An IV de l’insurrection: Des blessés entre douleurs et fierté

Le bilan officiel de l’insurrection populaire des 30 et 31 octobre 2014 au Burkina Faso fait état d’une vingtaine de morts et de 625 blessés. La majorité d’entre eux, en attendant des soins appropriés, tentent de survivre au quotidien. 

Maçon de formation, Seydou Compaoré peine, aujourd’hui, à exercer son métier depuis sa blessure survenue lors de l’insurrection populaire des 30 et 31 octobre 2014.

« J’ai été blessé au pied. Malgré deux interventions chirurgicales, il m’est difficile de marcher convenablement, encore moins travailler », soutient-il.

En raison de son handicap, il éprouve ainsi, depuis quatre années, des difficultés à subvenir aux besoins de sa famille.

Les revenus issus du commerce de livraison d’eau à domicile de son épouse couvrent à peine les charges familiales.

«Je paie difficilement mon loyer qui coûte 10 000 CFA le mois. Depuis l’insurrection, j’ai changé trois fois de maison.

De nombreux propriétaires refusent tout simplement de me louer leur maison à cause de mon chômage», confie-t-il. Les yeux embués de larmes, M. Compaoré s’inquiète, à présent, pour l’avenir de ces quatre enfants dont il assure péniblement la scolarité.

« L’un d’entre eux est pris en charge par l’action sociale. Je n’ai aucun soutien de l’Etat. Après l’insurrection, nous avons une fois bénéficié d’une aide financière mais depuis lors c’est silence radio», déplore-t-il.

Tout en saluant les efforts faits par les autorités, il dit compter toujours sur leur bonne volonté, afin de bénéficier de soins adéquats pour reprendre sa vie en main.

Malgré sa condition actuelle, il déclare cependant ne pas regretter sa participation aux événements d’octobre 2014. Tout comme lui, Abass Ilboudo, élève en classe de 5e au moment des faits, blessé aux jambes par balles, affirme être fier d’avoir participé à l’insurrection.

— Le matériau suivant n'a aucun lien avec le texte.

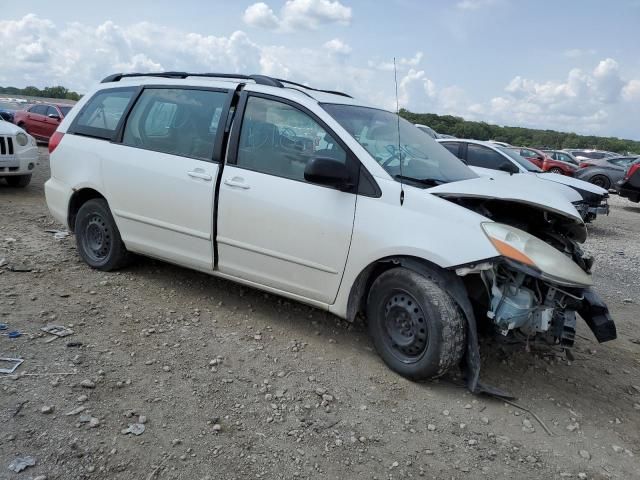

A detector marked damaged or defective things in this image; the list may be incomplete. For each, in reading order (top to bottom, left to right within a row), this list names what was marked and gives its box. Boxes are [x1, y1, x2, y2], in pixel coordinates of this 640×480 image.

crumpled hood [0, 119, 25, 135]
crumpled hood [532, 172, 608, 196]
crumpled hood [430, 174, 584, 225]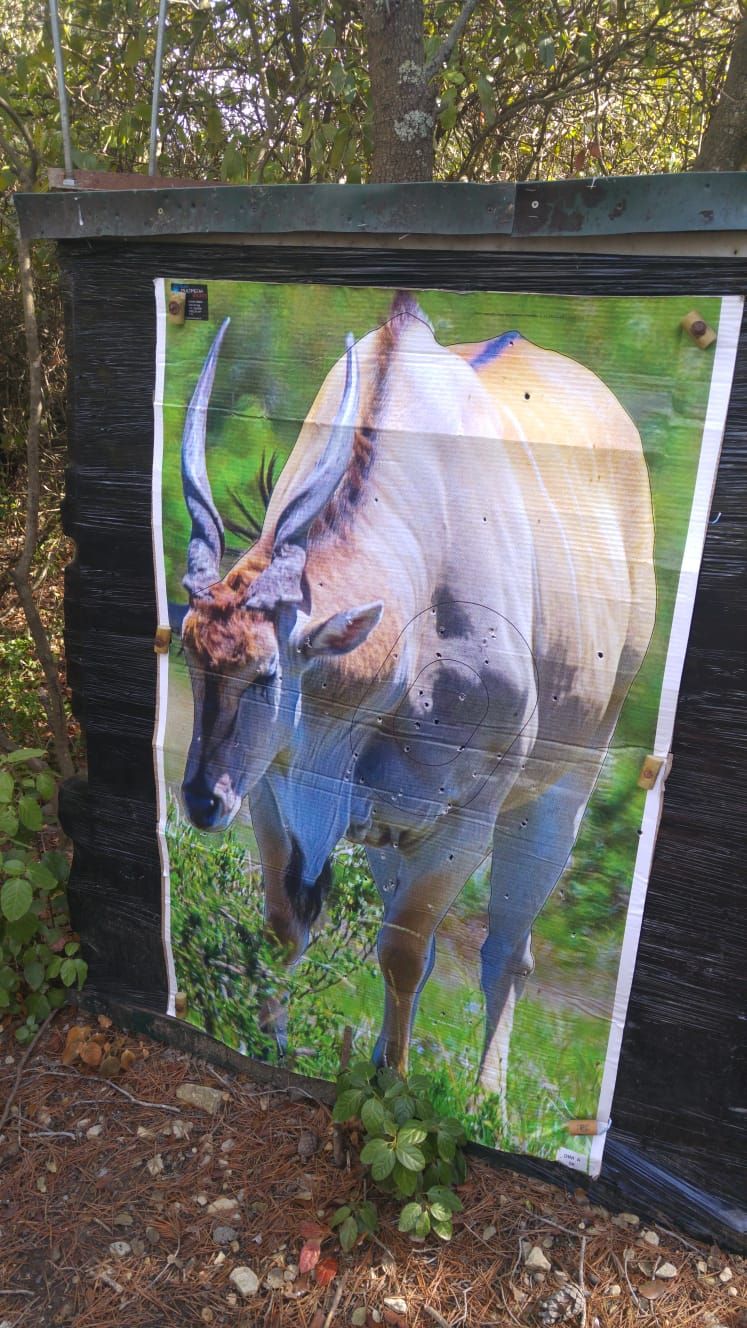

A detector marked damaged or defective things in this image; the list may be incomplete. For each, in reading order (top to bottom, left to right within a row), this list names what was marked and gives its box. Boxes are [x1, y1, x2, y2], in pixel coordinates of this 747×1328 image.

rusty metal edge [15, 173, 744, 241]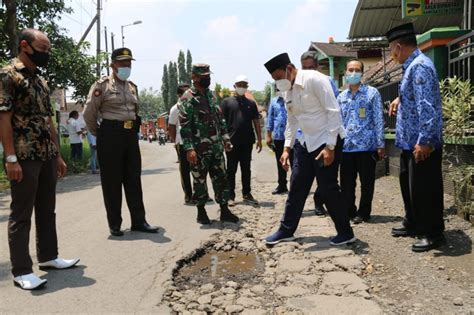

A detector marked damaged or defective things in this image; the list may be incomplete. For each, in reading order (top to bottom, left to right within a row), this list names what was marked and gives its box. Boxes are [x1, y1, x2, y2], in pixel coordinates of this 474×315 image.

pothole [172, 244, 264, 292]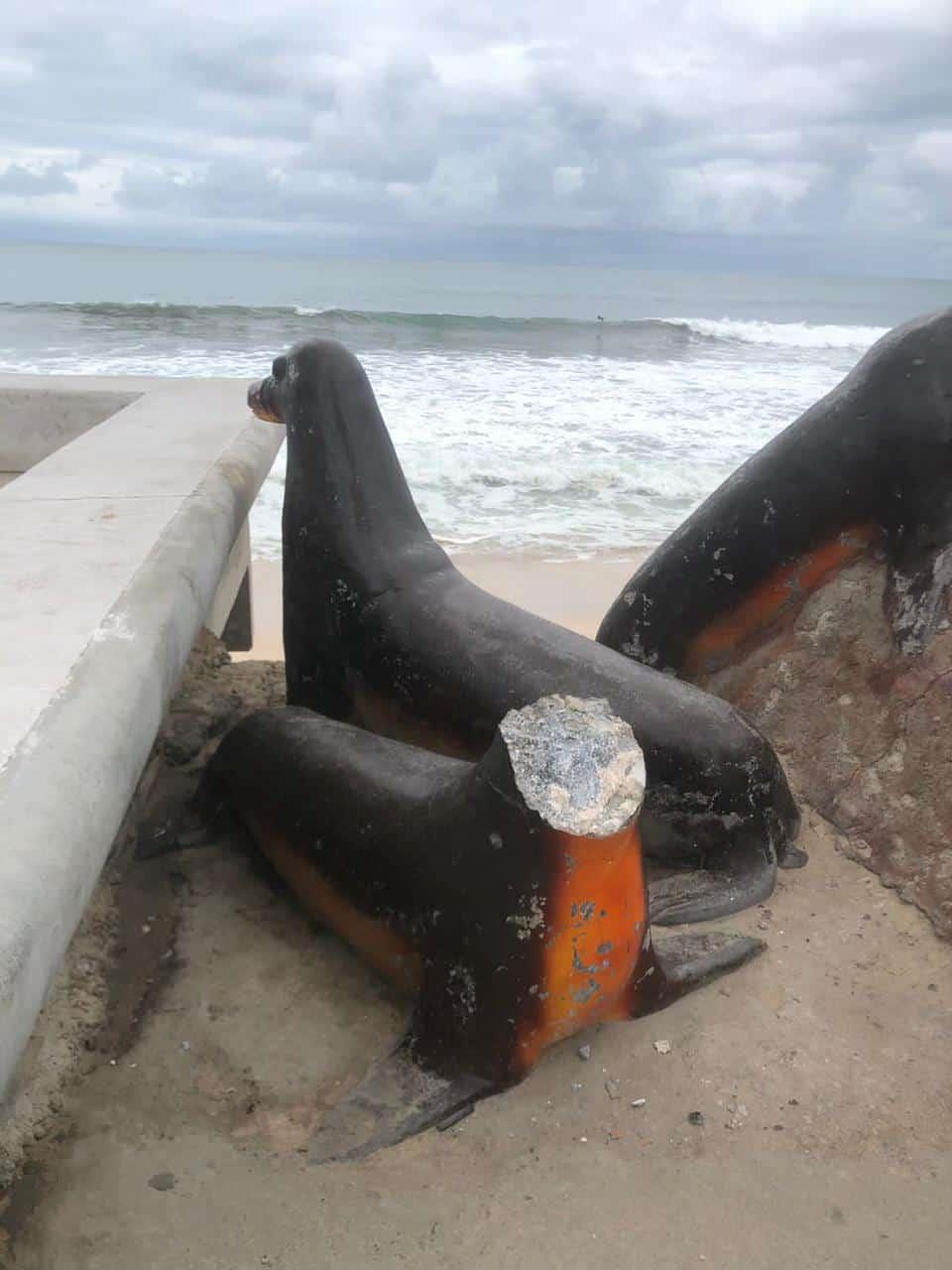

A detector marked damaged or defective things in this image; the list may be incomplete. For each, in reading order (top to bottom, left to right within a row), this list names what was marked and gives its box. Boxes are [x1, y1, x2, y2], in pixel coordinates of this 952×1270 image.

Mais, il dit être déçu par le « calvaire » qu’il a subi à la suite du soulèvement populaire avec à la clé 55 jours passés à l’hôpital pédiatrique Charles-de-Gaulle.

Un chemin de croix

« Au début, le médecin, ici, préconisait l’amputation de ma jambe. Mais grâce, en son temps, au soutien des autorités, j’ai été transféré au Maroc pour des soins », se remémore-t-il.

Son dernier rendez-vous médical au royaume chérifien remonte à 2017. Malheureusement, cette échéance, indépendamment de sa volonté, n’a pu être respectée.

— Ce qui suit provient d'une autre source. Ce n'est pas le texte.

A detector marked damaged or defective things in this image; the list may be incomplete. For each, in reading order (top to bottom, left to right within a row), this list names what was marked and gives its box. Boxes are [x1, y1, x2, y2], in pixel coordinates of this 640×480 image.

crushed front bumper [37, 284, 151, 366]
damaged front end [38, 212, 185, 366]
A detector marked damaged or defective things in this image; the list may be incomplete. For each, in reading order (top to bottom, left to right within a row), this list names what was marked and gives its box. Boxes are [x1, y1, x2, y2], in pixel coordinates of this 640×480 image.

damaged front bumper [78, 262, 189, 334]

« Il y a eu mésentente entre moi et mon médecin traitant du Burkina. J’ai refusé qu’il me soigne, parce qu’il a, auparavant, suggéré que ma jambe soit amputée.

Je préfère donc poursuivre mon traitement au Maroc », indique-t-il, amer. Les journées de Abass s’apparentent désormais à un véritable chemin de croix.

Incapable de fournir des efforts physiques, le jeune homme ne sait plus à quel saint se vouer. De plus, son père malade n’arrive plus à assurer ses frais de scolarité. Désemparée, sa mère, Fati Ilboudo, se dit triste de voir son fils dans cet état, livré à lui-même.

« Il est oublié par les autorités qui ont promis l’aider », marmonne-t-elle. Le président de l’association des blessés de l’insurrection populaire, Dramane Ouédraogo, vit, lui aussi, avec les séquelles de sa blessure.

Ayant été assommé à la tête avec un pavé, il a eu une fracture à la boîte crânienne. Des trous de mémoire et une perte de l’odorat sont les principales conséquences de ce choc inoubliable. « Je suis psychologiquement amoindri. Je fais des efforts pour ne pas être colérique», grogne-t-il.

Aucun soin adéquat n’a suivi cet « accident », selon M. Ouédraogo. Il refuse néanmoins, par crainte pour sa santé, de « donner sa tête à charcuter à n’importe qui ».

Comme Seydou Compaoré, Dramane Ouédraogo est aussi au chômage depuis quatre années. «Je survis grâce au soutien financier de ma famille et des personnes de bonnes volontés», confie-t-il, un brin triste.

Faisant contre mauvaise fortune bon cœur, il témoigne aussi sa gratitude aux autorités pour les traitements reçus par la majorité des blessés.

Toutefois, souligne-t-il, bon nombre d’entre eux sont toujours au chômage et attendent des soins appropriés. De l’avis de M. Ouédraogo, les victimes de l’insurrection populaire des 30 et 31 octobre 2014 méritent un meilleur sort.

«Nous sommes pour la démocratie et sommes fiers d’avoir lutté contre le tripatouillage de la Constitution », martèle-t-il.